Las dos partes que quedan, el núcleo con carga positiva y los electrones con carga negativa, se aceleran durante la explosión. Cuantos mayores sean los campos magnéticos en las fuentes, más se aceleran, y a la Tierra llega el núcleo pelado, que cuando choca con la atmósfera empieza a producir nuevas partículas y forma una cascada”, explica Esteban Roulet, investigador principal del CONICET en la Comisión Nacional de Energía Atómica (CNEA) y uno de los autores del trabajo.

Debido a la presencia de los campos electromagnéticos, no es lo mismo un rayo cósmico que llega a nuestro planeta con alta energía que uno que llega con baja. Para graficarlo, se podría pensar que los primeros llegan con una trayectoria relativamente lineal o con pocas desviaciones, como una pelota de fútbol pateada muy fuerte, mientras que los segundos tendrían una trayectoria más fluctuante.

Roulet analiza que, en muchos casos, “los de energías muy, muy bajas pueden ser generados por el Sol. De vez en cuando, cuando hay explosiones en ese astro, nos llegan partículas de muy baja energía –rayos cósmicos– que salen de él. Además, creemos que los que llegan con energías un poco más altas ya vienen de afuera del sistema solar pero aún de nuestra galaxia. No se sabe exactamente cuál es la fuente de estos rayos pero se cree que el mejor candidato es la muerte de una estrella muy masiva en una supernova y esos serían la mayoría de los que detectamos”.

Sin embargo, la duda persistía en cuanto al origen de los rayos cósmicos de alta energía, superior a 8 x 1018 electron-Volt (eV). ¿Arriban del espacio intra o del extra galáctico? “Este nuevo trabajo indica que su procedencia está fuera de la Vía Láctea, aunque todavía no se conoce precisamente de donde”, detalla Beatriz García.

Un segundo dato refuerza esto: después de 12 años de observaciones en el Pierre Auger se pudo detectar que hay una mayor proporción de rayos cósmicos (alrededor de un 6 por ciento) que provienen de la mitad del cielo del cielo respecto de la otra –lo que se llama un dipolo. Y que es en la primera mitad donde hay mayor densidad de galaxias.

 

Desde una galaxia lejana

Los rayos cósmicos pueden alcanzar las mayores energías observadas en la naturaleza, y en el caso de los extragalácticos sus velocidades serían cercanas a la de la luz. En cuanto a su origen, Roulet comenta: “Creemos que unos candidatos muy posibles para la aceleración de estos rayos cósmicos son las galaxias que tienen agujeros negros de quizás 10, 100 o mil millones de masas solares. Otra posibilidad serían las estrellas muy masivas –de 10 a 50 masas solares– que cuando mueren pueden acelerar rayos cósmicos”.
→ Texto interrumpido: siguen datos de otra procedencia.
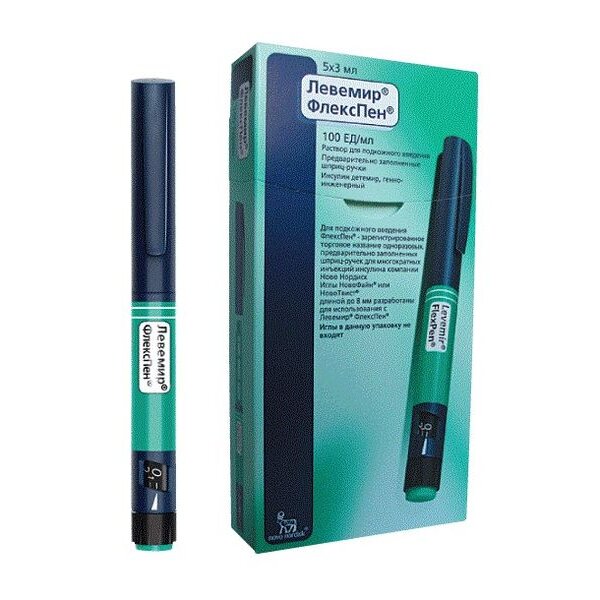 Левемир ФлексПен раствор для подкожного введения 100 ЕД/мл 3 мл шприц-ручка 5 шт.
La detección de estos rayos de alta energía no fue fácil: se calcula que llega a la Tierra uno por kilómetro cuadrado cada 100 años. Mientras que los de baja energía son más frecuentes, los de alta son más difíciles de registrar.

El Observatorio Pierre Auger tiene 1.600 detectores distribuidos en una superficie de 3.000 km2, equivalente al área de 15 veces la Ciudad de Buenos Aires. Están separados 1.5 km entre sí y contienen 12 mil litros de agua ultrapura.

Cuando los electrones, muones (partículas similares a los electrones pero con una masa 200 veces superior) y rayos gamma atraviesan este agua generan una radiación ultravioleta que es detectada por el instrumental. Y eso nos permite reconstruir la energía del rayo cósmico primario”, comenta García.

Además, en el observatorio hay 27 telescopios de fluorescencia distribuíos en cuatro edificios, que miran hacia el interior del campo de detectores. Con ellos se puede medir el desarrollo longitudinal – del cielo a la tierra – de la cascada de partículas.

Cuando los electrones atraviesan la atmósfera, chocan con las moléculas de nitrógeno, que son cerca del 70 por ciento de la composición del aire. Cuando lo hacen, excitan a este gas que cuando se desexcita provoca una fluorescencia ultravioleta, que no se puede ver a simple vista pero que es detectada por estos telescopios”, describe Roulet.

Para Beatriz García, “el diseño de este observatorio perseguía explicar fenómenos naturales que seguían siendo enigmas para la ciencia. Después de 13 años de funcionamiento y con la estadística que aún no es la suficiente para tener certezas, estamos comenzando a ver la punta del iceberg que con seguridad nos va a permitir, de alguna forma, caracterizar mejor los rayos cósmicos de alta energía”.